Data:

**********

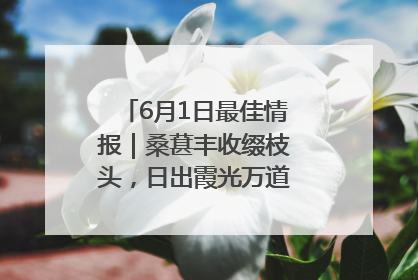 6月1日最佳情报｜桑葚丰收缀枝头，日出霞光万道蓬勃壮观！恭喜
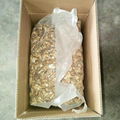 100% nature lowest price walnut kernel 1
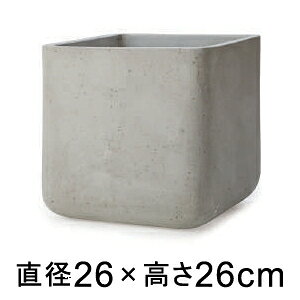  Aؔ R[eX L[u Zg 26cm 10bg XNGA y[J[EwsEsEsEԕiszyvtFbViz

**********

Task to carry out: Write out the data word for word, with every picture dropped.

Written answer:
 6月1日最佳情报｜桑葚丰收缀枝头，日出霞光万道蓬勃壮观！恭喜
 100% nature lowest price walnut kernel 1
  Aؔ R[eX L[u Zg 26cm 10bg XNGA y[J[EwsEsEsEԕiszyvtFbViz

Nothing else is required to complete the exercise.